Brazil’s legislature is represented by a bicameral parliament, the National Congress, composed of a Chamber of Deputies and a Senate. The Chamber of Deputies has 513 Members of Parliament (MPs), elected for four-year terms. The most recent elections for the Chamber of Deputies took place in 2014, with the next due in 2018. The Senate has 81 Members, elected for eight-year terms. Elections are staggered so that two-thirds of the upper house is up for election at one time and the remaining one-third four years later. Last elections for the Senate took place in 2010 and 2014, and the next elections are due in 2018 and 2022.
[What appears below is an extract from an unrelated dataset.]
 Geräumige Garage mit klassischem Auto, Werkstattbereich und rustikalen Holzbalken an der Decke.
The 1988 Constitution outlines how laws may be proposed. The legislative process may be initiated by any member or committee of the Chamber of Deputies or the Senate; the President of the Republic; the Supreme Federal Court; the Superior Courts; the Attorney-General of the Republic; and the citizens.
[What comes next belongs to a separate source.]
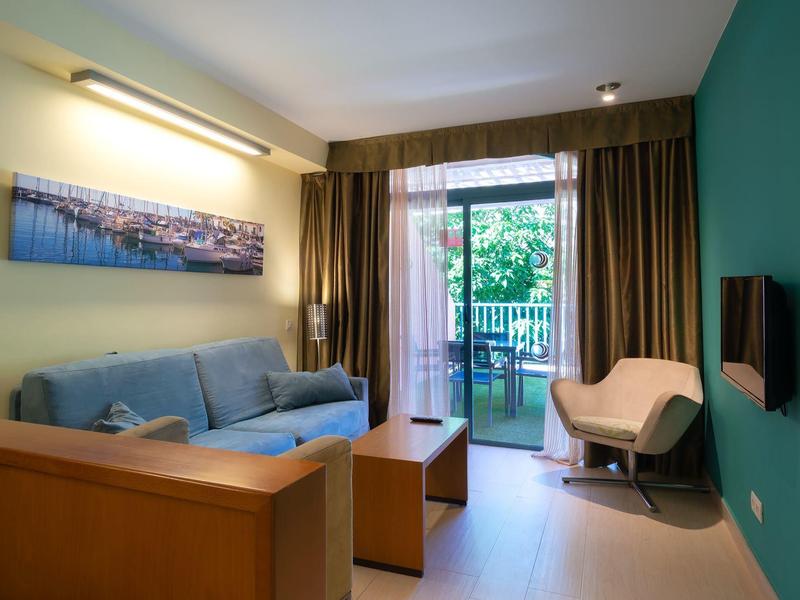 Cozy living room with sofa, armchair, balcony, and wall-mounted TV in a hotel room.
Each Chamber has its independent legislative process, passing laws that fall under their specific competences. If a bill is proposed by the Senate, it will be send to the Chamber of Deputies to be revised and vice-versa. Traditionally, the Senate acts more as a reviser than as an author. All bills go through thematic committees; some of the bills do not need to go through plenary, that is, the power of the commission is terminative. The Senate has 11 permanent thematic committees, including the Committee on Environment, Consumer Protection and Auditing and Control. In some areas a proposal must undergo the legislative process in both Chambers simultaneously. There is a permanent and mixed (2 houses) Committee on Climate Change.
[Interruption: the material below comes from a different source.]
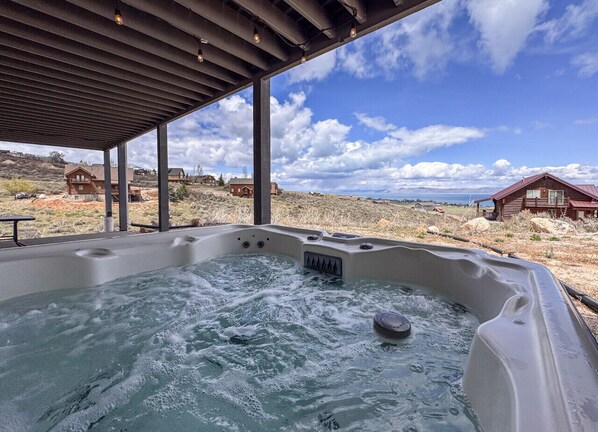 Luxurious hot tub with stunning mountain and lake views, perfect for relaxing and unwinding.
Legislation is presented at the Parliament in a process that entails three phases. First, the Constitution and Justice Committee assesses the constitutionality of the proposal, secondly, the text is scrutinised by one or more substantively relevant committees, where the merit of the proposed text is assessed. Finally, the legislation is discussed and voted in the plenary sessions of the congress. With the exception of legislation that modify the constitution, the approval of a law proposal requires simple majority of votes.

After the National Congress’s deliberations, the President of the Republic may sanction or veto the proposition. In the first case, the project becomes a law. In the case of a veto, the project is sent back to Congress. The enactment by the President attests the existence of a new law. After the enactment, the next step is publication, which is intended to inform citizens of the existence and contents of a certain normative act. Publication has the additional purpose of determining the date on which the law will come into effect.